I’m currently in Washington DC to attend the IEEE International Conference on Big Data. The first day is set aside for workshops, and I’ve just attended a really insightful one on ‘Big Humanities Data’. The diversity of work presented was immense, covering a huge sweep of history: from fragments of ancient Greek text to Instagram photos taken during the Ukraine revolution, via the Irish Rebellion of 1641 and the Spanish flu outbreak of a century ago. Nonetheless, certain patterns stuck out from many of most of the talks given.

The workshop started with a fascinating keynote from Michael Levy and Michael Haley Goldman from the US Holocaust Memorial Museum here in DC, which laid out the transformative effect of collecting and digitizing large volumes of documentation relating to the Holocaust.
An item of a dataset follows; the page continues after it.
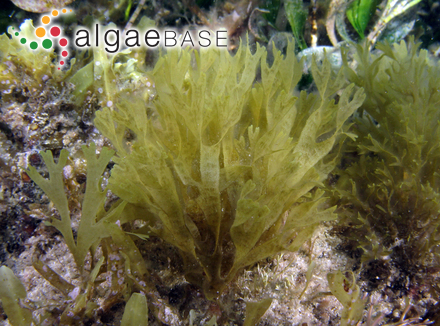 Dictyota ciliolata Sonder ex Kützing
As they put it, the role of the institution has changed because of what can be done with this data, initiating a more interactive, collaborative relationship with the public. The historical specificity of the Holocaust as an event has yielded a ‘narrow but deep’ and diverse set of resources – from aerial bombing photography to thousands of hours of oral history – enabling new and unusual research questions, and changing the nature of historical enquiry in this area. I was able to plug the UK domain data project when I argued for the power of search for engaging both professional researchers and the public at large.

This ability to ask new questions in new ways was a prevalent theme across all the talks. Whether the data itself is weeks or centuries old, the innovative methods being used allow novel perspectives and findings. Research into the difference between text in different versions of the Bible, and a study of media text during and after the Fukushima disaster, both showed the new scale at which phenomena new and old could be analysed.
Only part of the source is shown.